Ernesto Zedillo provides an insightful discussion on the causes of higher food prices, which includes:
It is clear, however, that the most damaging distortions in agricultural markets originate in rich countries. There’s little doubt that the present spiral in grain prices is closely linked to U.S. and EU policies enacted to boost production of biofuels. The American and European governments subsidize the production of biofuels, limit their import and mandate their use. The exact extent to which these policies have impacted food prices is still a matter of contention, but not even the most enthusiastic proponents of ethanol can deny that by inducing a greater allocation of agricultural resources toward biofuel production, the amount of grain available for food has been reduced. According to the World Bank, while global production of corn increased by 51 million tons from 2004 to 2007, biofuel use of corn in the U.S. alone increased by 50 million tons, thus leaving no margin to satisfy the increase of 33 million tons in global consumption for other uses during the same period.
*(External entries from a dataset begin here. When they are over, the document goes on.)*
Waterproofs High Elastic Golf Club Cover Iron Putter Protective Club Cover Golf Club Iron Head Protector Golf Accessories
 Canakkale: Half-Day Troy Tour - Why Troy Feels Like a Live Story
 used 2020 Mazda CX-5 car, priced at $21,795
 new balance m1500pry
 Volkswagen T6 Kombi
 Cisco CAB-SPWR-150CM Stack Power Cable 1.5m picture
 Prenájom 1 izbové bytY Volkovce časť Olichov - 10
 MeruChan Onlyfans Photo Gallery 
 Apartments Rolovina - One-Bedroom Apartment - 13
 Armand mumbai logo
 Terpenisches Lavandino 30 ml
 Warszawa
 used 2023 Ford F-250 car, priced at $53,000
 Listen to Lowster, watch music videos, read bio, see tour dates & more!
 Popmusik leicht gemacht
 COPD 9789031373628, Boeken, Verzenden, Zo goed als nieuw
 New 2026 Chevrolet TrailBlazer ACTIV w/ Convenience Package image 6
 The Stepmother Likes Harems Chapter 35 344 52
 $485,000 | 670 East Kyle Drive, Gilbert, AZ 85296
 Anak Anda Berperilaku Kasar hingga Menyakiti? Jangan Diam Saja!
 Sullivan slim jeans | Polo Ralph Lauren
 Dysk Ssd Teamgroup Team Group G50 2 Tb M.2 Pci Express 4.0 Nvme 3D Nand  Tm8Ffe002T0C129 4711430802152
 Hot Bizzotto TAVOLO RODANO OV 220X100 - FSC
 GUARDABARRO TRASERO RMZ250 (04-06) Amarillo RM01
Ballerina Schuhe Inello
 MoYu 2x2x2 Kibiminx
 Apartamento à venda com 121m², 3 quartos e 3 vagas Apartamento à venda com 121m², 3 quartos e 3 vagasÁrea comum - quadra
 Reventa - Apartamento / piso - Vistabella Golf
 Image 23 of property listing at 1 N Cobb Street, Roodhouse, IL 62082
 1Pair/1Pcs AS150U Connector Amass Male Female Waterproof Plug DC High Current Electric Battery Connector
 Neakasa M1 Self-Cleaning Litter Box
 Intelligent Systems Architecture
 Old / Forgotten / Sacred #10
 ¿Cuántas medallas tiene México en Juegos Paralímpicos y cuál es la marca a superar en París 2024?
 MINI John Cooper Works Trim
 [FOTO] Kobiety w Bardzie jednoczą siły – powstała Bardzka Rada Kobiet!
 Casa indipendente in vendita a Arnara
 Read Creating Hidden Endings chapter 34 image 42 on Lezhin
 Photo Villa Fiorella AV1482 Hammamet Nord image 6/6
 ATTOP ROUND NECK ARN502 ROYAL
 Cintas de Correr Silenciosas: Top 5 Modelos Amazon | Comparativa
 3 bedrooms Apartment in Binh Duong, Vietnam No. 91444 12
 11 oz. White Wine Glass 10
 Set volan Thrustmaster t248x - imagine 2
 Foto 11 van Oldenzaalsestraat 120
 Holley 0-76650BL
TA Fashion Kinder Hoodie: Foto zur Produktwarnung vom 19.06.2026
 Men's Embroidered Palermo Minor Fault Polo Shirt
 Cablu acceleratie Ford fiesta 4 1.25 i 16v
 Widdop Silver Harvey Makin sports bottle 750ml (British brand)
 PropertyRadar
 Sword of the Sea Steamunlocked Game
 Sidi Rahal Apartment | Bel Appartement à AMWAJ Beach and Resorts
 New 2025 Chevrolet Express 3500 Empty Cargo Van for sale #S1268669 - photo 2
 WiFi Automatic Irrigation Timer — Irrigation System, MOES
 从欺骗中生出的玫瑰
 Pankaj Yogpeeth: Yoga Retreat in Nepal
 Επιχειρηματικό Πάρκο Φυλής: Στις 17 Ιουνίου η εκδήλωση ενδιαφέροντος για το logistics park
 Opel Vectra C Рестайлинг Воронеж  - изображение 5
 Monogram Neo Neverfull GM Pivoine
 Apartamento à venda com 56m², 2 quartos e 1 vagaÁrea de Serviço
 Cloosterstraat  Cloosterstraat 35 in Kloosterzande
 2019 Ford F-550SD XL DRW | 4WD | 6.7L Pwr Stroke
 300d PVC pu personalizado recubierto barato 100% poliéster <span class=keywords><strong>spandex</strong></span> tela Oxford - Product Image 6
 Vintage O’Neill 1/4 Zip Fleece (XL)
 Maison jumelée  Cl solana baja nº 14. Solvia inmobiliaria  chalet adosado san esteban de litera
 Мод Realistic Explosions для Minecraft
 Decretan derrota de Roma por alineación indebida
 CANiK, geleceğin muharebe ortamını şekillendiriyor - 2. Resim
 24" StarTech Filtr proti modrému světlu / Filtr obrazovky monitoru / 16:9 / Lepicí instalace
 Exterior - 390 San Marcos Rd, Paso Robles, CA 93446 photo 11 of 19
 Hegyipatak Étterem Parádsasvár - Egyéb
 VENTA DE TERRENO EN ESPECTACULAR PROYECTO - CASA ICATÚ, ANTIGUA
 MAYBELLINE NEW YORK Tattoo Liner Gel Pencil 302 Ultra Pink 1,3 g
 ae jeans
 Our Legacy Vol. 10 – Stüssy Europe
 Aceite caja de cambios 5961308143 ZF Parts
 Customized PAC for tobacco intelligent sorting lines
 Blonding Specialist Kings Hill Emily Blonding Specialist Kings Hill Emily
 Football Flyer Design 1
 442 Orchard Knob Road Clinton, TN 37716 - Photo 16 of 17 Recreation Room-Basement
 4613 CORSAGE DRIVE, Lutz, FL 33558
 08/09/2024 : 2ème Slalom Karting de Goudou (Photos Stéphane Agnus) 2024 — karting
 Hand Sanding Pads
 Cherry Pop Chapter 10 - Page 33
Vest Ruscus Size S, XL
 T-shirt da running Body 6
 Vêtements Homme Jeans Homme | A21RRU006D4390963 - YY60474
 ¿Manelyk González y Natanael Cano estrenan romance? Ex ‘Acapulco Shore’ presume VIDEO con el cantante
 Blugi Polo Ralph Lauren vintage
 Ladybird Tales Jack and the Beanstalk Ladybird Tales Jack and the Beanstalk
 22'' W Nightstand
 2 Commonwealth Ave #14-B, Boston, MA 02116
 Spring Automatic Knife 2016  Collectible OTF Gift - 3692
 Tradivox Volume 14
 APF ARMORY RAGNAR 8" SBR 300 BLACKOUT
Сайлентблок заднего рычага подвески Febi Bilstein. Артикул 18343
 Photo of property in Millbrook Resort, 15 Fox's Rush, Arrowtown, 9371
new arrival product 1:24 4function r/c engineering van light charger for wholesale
This explains why some respectable experts, such as the former chief economist for the U.S. Department of Agriculture and a top World Bank agricultural economist, have imputed a large proportion of the rise in food prices to the growing use of food crops for fuel.
Hat tip to Greg Mankiw who is suggesting that Barack Obama should reconsider his support for corn based biofuel production.
Update: Movie Guy points us to Zeal Speculation and Investment for another discussion of food prices:
Over the last several decades a whole slew of factors have provided catalysts for the rise of the grains. With one of the largest being the lack of material growth in the agricultural industry. And considering the long-time behavior of grains prices, it is understandable why there has been little incentive to grow this industry. When the price of any good or service grinds sideways for decades on end while the rest of the world is inflating away, this tends to harbor dismal growth prospects. And this is typically not an encouraging environment for capital investment. In fact if the fruits of the land are not as appealing as an offer from a commercial developer, a prudent business operator will take the money and run. While technology improvements over the years have indeed enabled better crop yields, according to the US Department of Agriculture the US planted area for the major crops has dropped by nearly 15% since 1980 … The simple fact is the world’s population continues to grow, and so does the demand for staple foods. So with the primary end product of grains being food, supply needs to keep up with growing demand. And it is not! Supplies have been growing, but not sufficiently enough to meet demand growth. And to put a twist into this supply/demand imbalance, segmented economic prosperity is also changing the dynamics of the grains trade. Economic growth in the world’s developing nations has and will cause extra strains on the grains. As more and more people add protein and other valuable nutrients to their diets, grains demand will continue to gain strength … As will be apparent in the long-term charts the grains have been range-bound in sideways trend channels for the better part of the last four decades. Every so often there were strong rallies that elevated prices, but they quickly fell back within trend. But what we are seeing in the last couple years are major breakouts from these trends.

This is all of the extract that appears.